◆ **What you have to do**
Look through the lines below; wherever the word "Lake" appears, copy that line.

◆ **Exercise materials**
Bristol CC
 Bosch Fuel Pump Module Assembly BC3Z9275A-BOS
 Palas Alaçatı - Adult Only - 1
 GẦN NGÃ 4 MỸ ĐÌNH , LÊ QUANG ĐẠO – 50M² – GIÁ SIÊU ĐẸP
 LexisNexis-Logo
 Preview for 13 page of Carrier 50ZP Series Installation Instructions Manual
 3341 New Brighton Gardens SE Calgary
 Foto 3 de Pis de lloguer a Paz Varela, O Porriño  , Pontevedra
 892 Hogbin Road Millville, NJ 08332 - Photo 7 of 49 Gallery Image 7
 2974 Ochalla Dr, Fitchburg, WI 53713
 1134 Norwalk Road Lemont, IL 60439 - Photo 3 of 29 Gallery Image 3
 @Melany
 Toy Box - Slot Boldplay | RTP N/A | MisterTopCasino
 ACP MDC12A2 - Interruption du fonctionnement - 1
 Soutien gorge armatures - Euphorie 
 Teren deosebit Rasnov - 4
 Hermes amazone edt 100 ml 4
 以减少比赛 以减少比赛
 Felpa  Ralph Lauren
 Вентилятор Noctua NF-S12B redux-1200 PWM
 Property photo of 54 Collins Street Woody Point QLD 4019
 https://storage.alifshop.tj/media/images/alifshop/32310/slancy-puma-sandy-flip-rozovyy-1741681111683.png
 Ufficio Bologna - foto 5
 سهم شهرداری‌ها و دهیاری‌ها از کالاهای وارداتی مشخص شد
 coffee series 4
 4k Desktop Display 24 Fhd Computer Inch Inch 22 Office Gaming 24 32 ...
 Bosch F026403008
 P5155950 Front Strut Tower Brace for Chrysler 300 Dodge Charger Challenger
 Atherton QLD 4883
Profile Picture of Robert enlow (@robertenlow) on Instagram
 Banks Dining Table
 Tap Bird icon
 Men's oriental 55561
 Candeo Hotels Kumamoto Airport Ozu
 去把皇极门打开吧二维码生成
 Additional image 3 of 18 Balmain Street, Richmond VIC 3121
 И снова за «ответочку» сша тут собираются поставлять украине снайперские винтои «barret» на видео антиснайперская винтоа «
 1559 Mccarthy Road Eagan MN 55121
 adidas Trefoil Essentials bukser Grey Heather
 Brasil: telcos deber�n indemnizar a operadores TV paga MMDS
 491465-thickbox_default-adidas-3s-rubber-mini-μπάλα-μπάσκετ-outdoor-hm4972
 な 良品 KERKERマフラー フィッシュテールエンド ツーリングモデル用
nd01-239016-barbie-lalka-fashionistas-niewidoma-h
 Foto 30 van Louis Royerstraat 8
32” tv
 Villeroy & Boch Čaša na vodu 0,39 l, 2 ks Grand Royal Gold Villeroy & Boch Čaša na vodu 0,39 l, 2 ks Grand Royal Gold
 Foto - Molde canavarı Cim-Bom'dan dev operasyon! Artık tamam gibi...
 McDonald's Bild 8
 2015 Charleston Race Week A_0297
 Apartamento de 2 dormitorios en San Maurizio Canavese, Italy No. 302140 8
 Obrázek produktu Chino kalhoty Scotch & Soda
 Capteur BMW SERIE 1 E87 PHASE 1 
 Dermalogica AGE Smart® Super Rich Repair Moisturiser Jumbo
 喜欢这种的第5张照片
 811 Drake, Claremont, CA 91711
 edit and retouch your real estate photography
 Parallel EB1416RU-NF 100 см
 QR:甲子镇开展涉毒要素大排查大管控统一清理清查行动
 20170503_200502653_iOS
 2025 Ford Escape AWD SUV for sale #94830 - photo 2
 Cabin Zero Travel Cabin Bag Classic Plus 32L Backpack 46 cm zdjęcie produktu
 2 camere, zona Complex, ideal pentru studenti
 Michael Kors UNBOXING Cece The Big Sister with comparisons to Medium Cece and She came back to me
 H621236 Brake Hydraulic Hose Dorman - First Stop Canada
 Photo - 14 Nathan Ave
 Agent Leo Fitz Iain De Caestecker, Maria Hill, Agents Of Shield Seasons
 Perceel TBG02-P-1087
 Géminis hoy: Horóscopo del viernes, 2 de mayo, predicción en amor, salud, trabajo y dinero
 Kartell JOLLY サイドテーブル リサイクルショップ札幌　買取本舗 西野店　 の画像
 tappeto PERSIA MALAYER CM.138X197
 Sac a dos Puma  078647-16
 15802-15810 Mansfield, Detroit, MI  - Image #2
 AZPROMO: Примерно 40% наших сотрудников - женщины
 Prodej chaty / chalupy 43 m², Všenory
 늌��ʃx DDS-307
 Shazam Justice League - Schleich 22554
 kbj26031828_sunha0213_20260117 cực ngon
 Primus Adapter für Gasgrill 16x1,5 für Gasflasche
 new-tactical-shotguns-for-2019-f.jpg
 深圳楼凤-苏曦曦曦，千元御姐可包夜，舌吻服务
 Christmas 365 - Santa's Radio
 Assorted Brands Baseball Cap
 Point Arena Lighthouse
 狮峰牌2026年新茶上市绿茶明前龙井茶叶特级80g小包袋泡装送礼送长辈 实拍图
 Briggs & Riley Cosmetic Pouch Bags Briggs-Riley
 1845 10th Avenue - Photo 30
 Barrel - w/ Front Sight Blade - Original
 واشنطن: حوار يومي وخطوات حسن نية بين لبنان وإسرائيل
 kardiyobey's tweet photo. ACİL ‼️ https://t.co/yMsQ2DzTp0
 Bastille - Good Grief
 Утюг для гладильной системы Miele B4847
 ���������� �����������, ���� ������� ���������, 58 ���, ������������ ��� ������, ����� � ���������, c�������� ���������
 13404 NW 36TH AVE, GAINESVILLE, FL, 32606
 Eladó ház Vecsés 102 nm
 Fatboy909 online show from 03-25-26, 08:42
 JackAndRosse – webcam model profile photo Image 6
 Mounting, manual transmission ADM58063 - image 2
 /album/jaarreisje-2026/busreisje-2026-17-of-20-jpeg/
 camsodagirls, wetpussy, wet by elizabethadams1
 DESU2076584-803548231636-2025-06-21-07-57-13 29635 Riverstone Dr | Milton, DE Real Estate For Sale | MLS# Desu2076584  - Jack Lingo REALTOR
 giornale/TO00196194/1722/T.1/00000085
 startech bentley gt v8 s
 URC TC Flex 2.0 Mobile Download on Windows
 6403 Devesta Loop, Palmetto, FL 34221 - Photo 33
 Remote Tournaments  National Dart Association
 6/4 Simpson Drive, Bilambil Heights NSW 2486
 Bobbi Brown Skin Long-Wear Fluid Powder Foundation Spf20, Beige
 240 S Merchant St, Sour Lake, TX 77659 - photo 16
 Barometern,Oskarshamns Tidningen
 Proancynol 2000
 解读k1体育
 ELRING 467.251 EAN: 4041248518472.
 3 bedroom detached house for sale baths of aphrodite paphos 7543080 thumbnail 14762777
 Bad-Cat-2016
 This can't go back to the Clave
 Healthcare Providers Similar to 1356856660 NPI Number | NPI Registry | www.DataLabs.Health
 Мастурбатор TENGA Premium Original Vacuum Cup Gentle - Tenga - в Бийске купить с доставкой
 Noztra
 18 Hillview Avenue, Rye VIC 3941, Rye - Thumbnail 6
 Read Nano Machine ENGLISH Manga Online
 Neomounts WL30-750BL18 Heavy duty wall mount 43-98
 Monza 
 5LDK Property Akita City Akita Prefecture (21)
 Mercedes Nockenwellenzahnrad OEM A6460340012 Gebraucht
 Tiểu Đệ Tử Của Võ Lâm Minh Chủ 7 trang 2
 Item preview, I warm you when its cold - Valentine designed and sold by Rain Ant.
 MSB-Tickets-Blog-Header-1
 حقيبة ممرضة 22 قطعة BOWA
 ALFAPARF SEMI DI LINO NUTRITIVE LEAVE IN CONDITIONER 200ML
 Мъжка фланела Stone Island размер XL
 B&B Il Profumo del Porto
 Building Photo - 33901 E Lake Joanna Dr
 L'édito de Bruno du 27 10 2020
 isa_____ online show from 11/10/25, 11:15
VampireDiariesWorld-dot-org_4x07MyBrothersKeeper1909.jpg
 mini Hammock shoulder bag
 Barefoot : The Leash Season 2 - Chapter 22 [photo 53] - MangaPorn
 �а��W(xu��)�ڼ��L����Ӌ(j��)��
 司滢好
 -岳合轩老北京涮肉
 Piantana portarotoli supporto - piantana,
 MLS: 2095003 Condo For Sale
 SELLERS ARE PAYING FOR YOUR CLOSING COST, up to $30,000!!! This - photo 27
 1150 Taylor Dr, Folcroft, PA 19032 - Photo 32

◆ **Output of the exercise**
 240 S Merchant St, Sour Lake, TX 77659 - photo 16
 Building Photo - 33901 E Lake Joanna Dr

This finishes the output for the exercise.